Quinci LeGardye of The A.V. Club gave the episode an "A-" and writing, "If the first episode went classic Atlanta, 'The Homeliest Little Horse' displays how the series — and Glover's performance — have evolved. If I heard at any point in season one that a later episode would revolve around a therapy session, I'd have responded with a healthy dose of skepticism. This exploration into Earn's self-professed love of pettiness comes at a perfect time in the series and not just because it answers questions about Earn's motivations that fans have held since 2016. It feels warranted instead of navel-gazey, and this show has always been about the slow game."

Alan Sepinwall of Rolling Stone wrote, "'The Homeliest Little Horse' is deliberately much less joyful. Half of it is Earn in therapy, working through his anxiety and past disappointments like getting expelled from Princeton. And the other half starts out as what seems like another anthology story, this one just folded in as the B-plot in an episode otherwise focusing on one of the regulars. But the two eventually connect in ways that explain why we have been spending so much time with would-be children's book author Lisa, and reveal just how badly Earn needs to continue his therapy." Ile-Ife Okantah of Vulture gave the episode a 4 star rating out of 5 and wrote, "Coming back to Atlanta is the perfect and most obvious way to begin such a bittersweet ending, bringing the characters and actors back to where it all started.
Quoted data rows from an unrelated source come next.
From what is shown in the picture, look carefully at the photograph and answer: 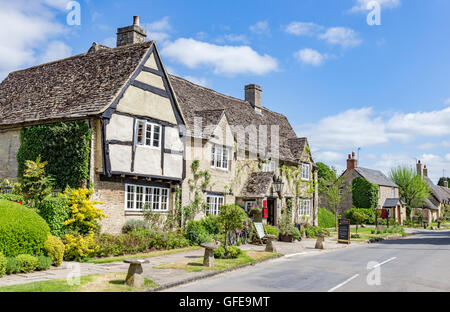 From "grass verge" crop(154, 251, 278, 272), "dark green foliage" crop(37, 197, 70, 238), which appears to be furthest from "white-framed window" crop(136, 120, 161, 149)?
"grass verge" crop(154, 251, 278, 272)

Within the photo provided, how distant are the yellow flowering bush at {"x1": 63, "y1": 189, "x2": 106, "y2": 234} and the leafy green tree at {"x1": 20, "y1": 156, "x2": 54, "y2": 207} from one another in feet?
5.03

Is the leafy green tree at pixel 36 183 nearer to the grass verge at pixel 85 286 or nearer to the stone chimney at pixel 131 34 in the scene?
the grass verge at pixel 85 286

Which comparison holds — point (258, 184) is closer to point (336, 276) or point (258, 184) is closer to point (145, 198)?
point (145, 198)

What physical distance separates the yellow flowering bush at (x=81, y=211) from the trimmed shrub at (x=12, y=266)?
3621 millimetres

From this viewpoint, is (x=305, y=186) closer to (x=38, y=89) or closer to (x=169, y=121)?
(x=169, y=121)

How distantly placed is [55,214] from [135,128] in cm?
541

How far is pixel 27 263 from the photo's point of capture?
1195 centimetres

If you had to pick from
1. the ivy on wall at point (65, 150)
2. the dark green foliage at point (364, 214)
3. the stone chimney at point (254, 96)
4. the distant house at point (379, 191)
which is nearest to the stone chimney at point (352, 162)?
the distant house at point (379, 191)

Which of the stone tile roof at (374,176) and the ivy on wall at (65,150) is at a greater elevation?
the stone tile roof at (374,176)

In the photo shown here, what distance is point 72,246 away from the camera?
14805 mm

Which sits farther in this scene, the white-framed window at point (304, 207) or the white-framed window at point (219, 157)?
the white-framed window at point (304, 207)

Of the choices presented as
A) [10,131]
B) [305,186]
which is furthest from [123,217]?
[305,186]

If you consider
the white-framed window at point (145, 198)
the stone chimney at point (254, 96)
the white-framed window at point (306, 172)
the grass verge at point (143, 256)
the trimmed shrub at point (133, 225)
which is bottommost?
the grass verge at point (143, 256)

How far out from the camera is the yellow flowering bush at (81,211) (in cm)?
1555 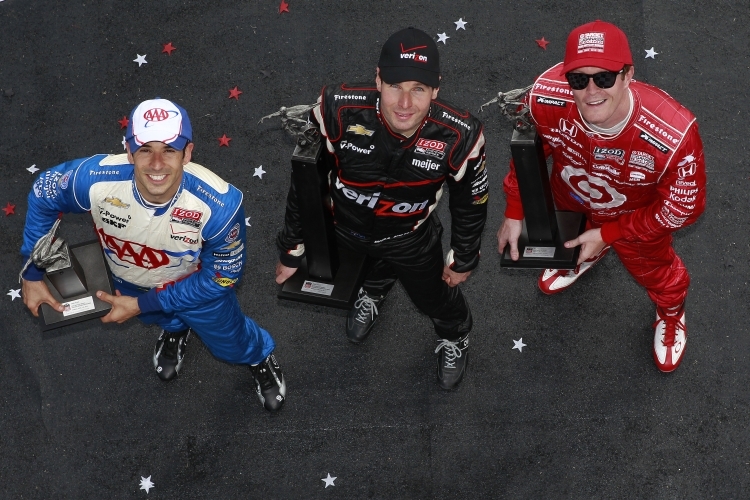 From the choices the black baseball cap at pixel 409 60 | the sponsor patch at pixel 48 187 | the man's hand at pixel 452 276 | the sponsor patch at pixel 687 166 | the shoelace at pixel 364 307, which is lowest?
the shoelace at pixel 364 307

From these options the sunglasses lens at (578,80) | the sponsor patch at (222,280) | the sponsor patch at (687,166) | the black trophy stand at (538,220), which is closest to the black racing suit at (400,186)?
the black trophy stand at (538,220)

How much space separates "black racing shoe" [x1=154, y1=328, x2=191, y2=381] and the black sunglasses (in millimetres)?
3300

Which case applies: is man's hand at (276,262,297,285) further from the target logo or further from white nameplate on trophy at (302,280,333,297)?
the target logo

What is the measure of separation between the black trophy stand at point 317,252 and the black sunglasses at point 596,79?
4.29 ft

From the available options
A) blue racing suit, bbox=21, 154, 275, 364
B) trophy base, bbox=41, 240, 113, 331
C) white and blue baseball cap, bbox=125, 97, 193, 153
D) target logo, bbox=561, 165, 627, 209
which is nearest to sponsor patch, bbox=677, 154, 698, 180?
target logo, bbox=561, 165, 627, 209

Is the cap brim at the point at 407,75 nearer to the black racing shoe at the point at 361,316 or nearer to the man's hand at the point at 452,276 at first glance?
the man's hand at the point at 452,276

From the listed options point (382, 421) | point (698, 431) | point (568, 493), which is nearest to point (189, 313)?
point (382, 421)

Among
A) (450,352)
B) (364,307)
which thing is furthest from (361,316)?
(450,352)

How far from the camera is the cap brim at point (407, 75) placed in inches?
171

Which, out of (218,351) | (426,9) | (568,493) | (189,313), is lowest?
(568,493)

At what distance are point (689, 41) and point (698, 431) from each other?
10.6 feet

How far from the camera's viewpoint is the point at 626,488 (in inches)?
234

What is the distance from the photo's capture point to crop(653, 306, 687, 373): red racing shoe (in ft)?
20.5

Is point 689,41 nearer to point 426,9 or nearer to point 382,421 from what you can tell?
point 426,9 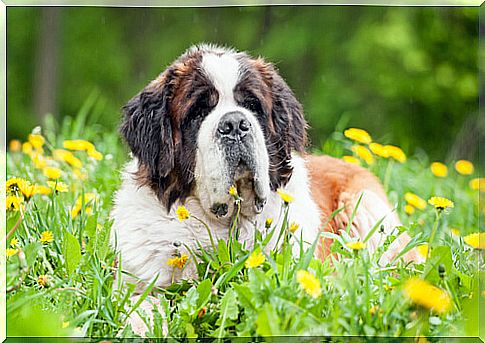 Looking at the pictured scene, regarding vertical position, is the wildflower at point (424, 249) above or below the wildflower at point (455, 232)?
above

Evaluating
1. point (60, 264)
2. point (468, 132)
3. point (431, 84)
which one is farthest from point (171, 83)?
point (431, 84)

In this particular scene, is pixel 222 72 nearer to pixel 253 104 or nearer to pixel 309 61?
pixel 253 104

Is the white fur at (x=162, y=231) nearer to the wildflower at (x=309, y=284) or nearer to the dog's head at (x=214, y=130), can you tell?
the dog's head at (x=214, y=130)

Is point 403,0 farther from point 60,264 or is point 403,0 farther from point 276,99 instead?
point 60,264

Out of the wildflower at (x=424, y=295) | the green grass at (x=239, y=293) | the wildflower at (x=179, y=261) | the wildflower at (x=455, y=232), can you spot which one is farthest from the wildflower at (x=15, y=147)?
the wildflower at (x=424, y=295)

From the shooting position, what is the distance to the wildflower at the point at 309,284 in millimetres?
2109

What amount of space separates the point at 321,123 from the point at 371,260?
2827 millimetres

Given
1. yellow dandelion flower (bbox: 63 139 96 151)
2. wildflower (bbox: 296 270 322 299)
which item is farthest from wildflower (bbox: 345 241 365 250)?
yellow dandelion flower (bbox: 63 139 96 151)

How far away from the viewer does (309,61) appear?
473cm

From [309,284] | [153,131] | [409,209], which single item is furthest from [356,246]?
[409,209]

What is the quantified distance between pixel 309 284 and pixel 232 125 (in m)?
0.61

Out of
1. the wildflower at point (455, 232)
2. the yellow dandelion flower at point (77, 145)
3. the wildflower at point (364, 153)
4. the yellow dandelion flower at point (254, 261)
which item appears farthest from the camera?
the wildflower at point (364, 153)

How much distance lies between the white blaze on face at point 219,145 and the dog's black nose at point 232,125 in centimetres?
2

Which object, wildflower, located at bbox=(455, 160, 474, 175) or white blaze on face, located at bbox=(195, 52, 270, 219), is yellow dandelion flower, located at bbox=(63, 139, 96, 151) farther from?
wildflower, located at bbox=(455, 160, 474, 175) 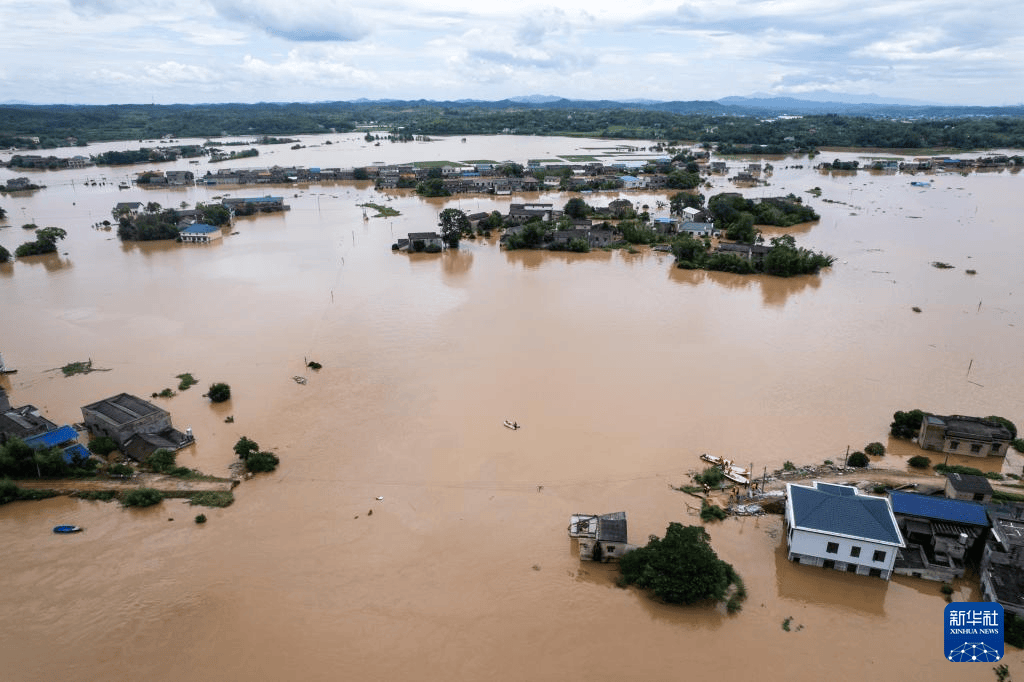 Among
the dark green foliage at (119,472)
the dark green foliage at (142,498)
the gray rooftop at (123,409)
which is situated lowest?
the dark green foliage at (142,498)

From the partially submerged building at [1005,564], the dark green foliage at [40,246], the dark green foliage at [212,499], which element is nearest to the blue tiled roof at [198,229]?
the dark green foliage at [40,246]

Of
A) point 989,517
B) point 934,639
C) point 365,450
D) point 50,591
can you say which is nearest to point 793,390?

Atlanta is at its best when exploring themes of race, power, and culture through the core characters, and it's hard to capture that outside of, well, Atlanta."

Alison Herman of The Ringer wrote, "By returning to its home turf, Atlanta sets up an easy, simple narrative: by going back to the place and people it knows, the show goes back to the humor and storytelling that made it a phenomenon. But if there's any show that resists simple narratives, it's Atlanta, which avoids linear plotting like the plague. So it's fitting that the reality is a bit more nuanced." Jeremy Mathai of /Film wrote, "The inexplicable oddities, slice-of-life tangents, celebrity cameos, and unsettling blend between reality and the surreal threaded throughout each prior season remained present and accounted for... thankfully, all of which is back and bolder than ever before in season 4." Kyndall Cunningham of The Daily Beast wrote, "By episodes 2 and 3, the show is back in full-swing and firing on all cylinders. In 'The Homeliest Little Horse', Earn starts seeing a therapist in probably the most main-character moment he's had throughout the show, which often doesn't explore his psyche beyond his exhausted facial expressions."

===Accolades===
TVLine named Donald Glover as an honorable mention as the "Performer of the Week" for the week of September 17, 2022, for his performance in the episode. The site wrote, "He recalled getting kicked out of college after being accused of breaking into another student's dorm room — and also revealed he was abused as a child — and Glover showed more emotion in that scene than we've seen from him in four seasons, breaking down in long-pent-up sobs. Glover also had a frightening glint in his eye when we learned Earn had pulled an elaborate revenge prank on an airport employee who unfairly hassled him, adding another complex (and not entirely admirable) layer to Earn's personality. Glover has always been the main creative force behind Atlantas genius, and it's nice to see him get a proper spotlight on screen as well."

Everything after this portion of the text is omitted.